1900s – Major water management developments

During the twentieth century the State’s population continued to grow, requiring significant investment to provide clean drinking water and to keep people safe from flooding and pollution.

Construction of large reservoirs in the Mount Lofty Ranges to supply water for Adelaide and the surrounding regions began early in the century and continued until the 1970s. Local water supplies were also developed for regional population centres as these grew. The second half of the century saw connections from the River Murray to many areas of the state and the introduction of water filtration plants to improve water quality. These developments form the backbone of the state’s water supply system today.

During the twentieth century home rainwater systems were common, but as reliable, high quality water provision arrived in the cities and towns rainwater tanks became less common.

Flooding continued in many towns and the suburbs of Adelaide and urban drainage became a focus. Major drainage works were constructed in the western suburbs of Adelaide including the Breakout Creek outlet at the end of the River Torrens in 1937. The 1960s saw construction of a major drainage scheme, which included the Sturt River flood control dam, channel lining, and new drains which enabled the development of the south western suburbs of Adelaide. In many other areas watercourses were straightened and concrete lined to better drain away high rates of runoff following suburban development. As flooding remained common across towns and cities drainage infrastructure has continued to be improved.

In the latter decades of the twentieth century environmental and sustainability considerations became more important to the community and by the end of the century bodies such as the Environment Protection Authority and the catchment water management boards had been established in response.

The concept of water sensitive urban design was introduced to urban planning at this time. South Australian researchers such as Professor John Argue were pioneers of sustainable water management in urban environments in Australia, and especially in innovative capture and reuse of urban water. Technologies and approaches such as constructed stormwater treatment wetlands, aquifer storage and recovery and watercourse restorations became common. Significant early developments included the New Brompton Estate project (1991) that is widely acknowledged as the first example of water sensitive urban design (other than constructed wetlands) in Australia. Other well-known developments included New Haven, Mawson Lakes and the early stormwater harvesting schemes of the northern suburbs of Adelaide.

Twenty first century – Water for a Growth State

The twenty first century began with the ‘millennium drought’ which led to renewed concerns about water security and the construction of the Adelaide Desalination plant to secure water for Adelaide’s future. Securing water supplies for towns away from Adelaide remains a focus with small scale seawater and groundwater desalination becoming common solutions where suitable.
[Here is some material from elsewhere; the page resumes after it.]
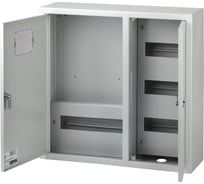 Металлокорпус ЭРА ЭКО ЩРУН 3/36 500х500х155 2 дв. Б0032928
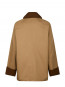Anastacia cord jacket dk tan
Changes to building and planning regulations has increased the number of new houses which are including a rain water tank, often plumbed into the house to provide an additional water supply, reducing the demands on the traditional supplies.

Occasional flooding still occurs, at times causing significant damage. A program of stormwater management planning has introduced a systematic approach to drainage management planning in the state’s towns and cities and there are clear flood hazard response arrangements.

Environmental regulation and management approaches that were introduced in the late twentieth century are now the standard, providing some protection for our unique environments. Water sensitive urban design principles have been widely adopted and can be seen in towns and cities across South Australia as core parts of urban planning and design. Households, public agencies and private operators all strive for water efficiency gains from wise water use, water recycling and waste reduction. This provides cost savings and improved environmental outcomes as part of South Australia’s move towards a circular economy.

Urban water management remains vital for South Australia’s towns and cities to remain great places to live, work and visit. Urban water management is preparing our towns and cities to be resilient in a warming and drying climate, while supporting our vibrant way of life and economic growth into the future.